It’s better to be controversial for the right reasons than to be popular for the wrong reasons.
– Shimon Peres

Jew of the Week: Elie Wiesel

Messenger to Mankind

Elie Wiesel

Elie Wiesel

Eliezer Wiesel (b. 1928) was born in Romania in a home that regularly spoke Hungarian, German, Romanian, and Yiddish. During the Holocaust he suffered in multiple labour and concentration camps, including Buchenwald and Auschwitz, and lost both parents and a younger sister. After the war, he resettled in Paris, studied at the Sarbonne, and worked as a journalist. In 1949, Wiesel became the Paris correspondent (later the international correspondent) for Yediot Ahronot. Though originally not wanting to write at all about the horrors of the Holocaust, he was convinced by a friend and published Night in 1958 – a shortened French version of his 900-page memoir in Yiddish. Though it took a while to hit the mainstream, the book now sells hundreds of thousands of copies every year and has been translated into 30 languages. Wiesel has subsequently authored many more publications, and has become an internationally-renowned speaker. In 1986, he won the Nobel Peace Prize for his efforts against racism, violence, and genocide, and was called a “messenger to mankind”. He has also won the Presidential Medal of Freedom, the Congressional Gold Medal, and was knighted, among many other awards. He has even been nominated as President of Israel, but did not wish to take up the post. Wiesel has taught at Boston and Columbia Universities, the City University of New York, and served as a visiting scholar at Yale.
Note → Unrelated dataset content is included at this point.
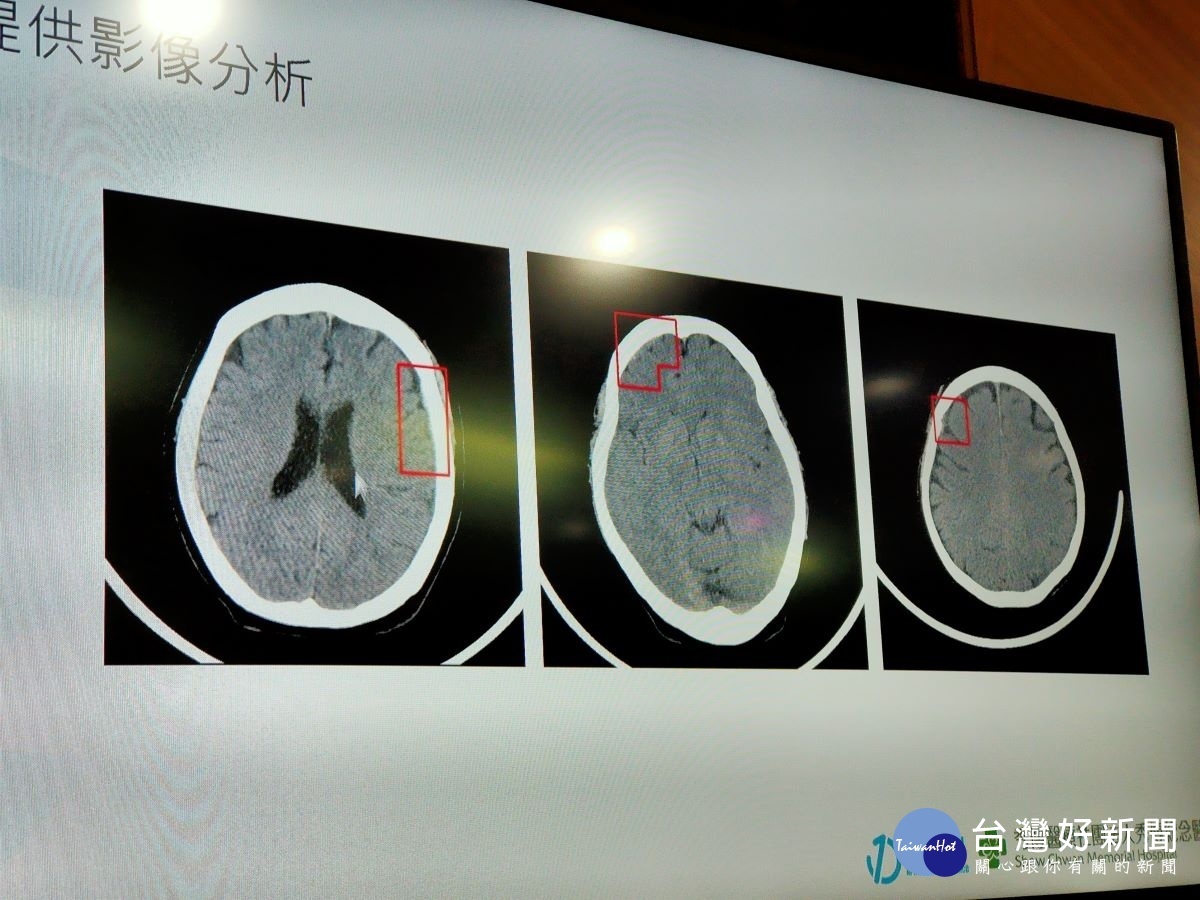 秀傳醫院導入智慧系統，減少腦出血病人急診停留時間的重要關鍵。圖／記者鄧富珍攝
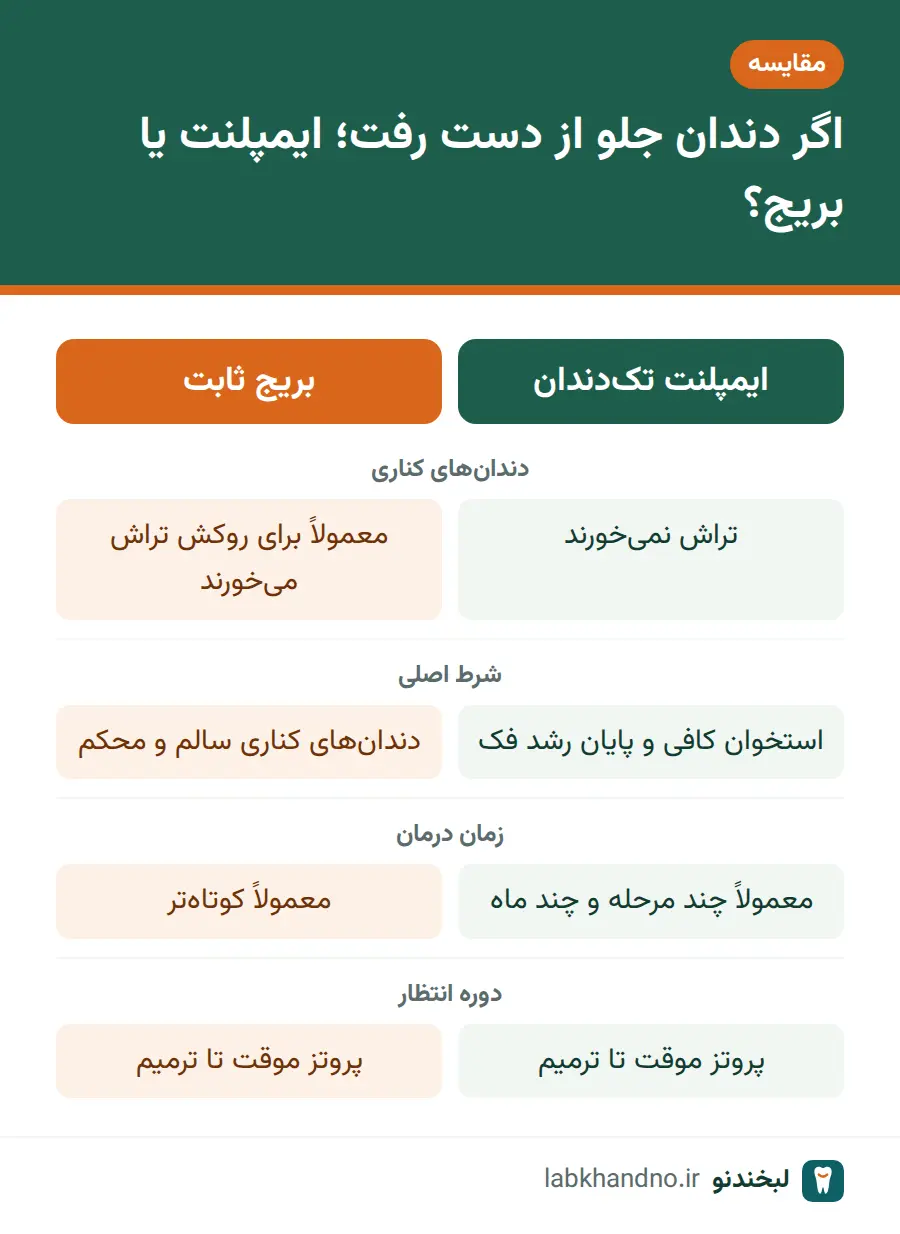 مقایسه ایمپلنت و بریج برای جایگزینی دندان جلو پس از افتادن دندان در اثر ضربه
He has spent a great deal of his life as a political activist for international causes. He stood strongly against apartheid South Africa and raised support for intervention during the Bosnian genocide, and more recently in Darfur. He has assisted the plight of Kurds, Native Americans, Argentinian Desaparecidos, as well as Soviet and Ethiopian Jewry. Wiesel remains a vocal supporter of Israel, and Jerusalem as its undivided capital. For the past 58 years, he has lived in the US and to this day has authored 57 books.

UPDATE: Sadly, Elie Wiesel passed away on July 2, 2016.

Words of the Week

For me, the Jew that I am, Jerusalem is above politics. It is mentioned more than six hundred times in Scripture – and not a single time in the Koran.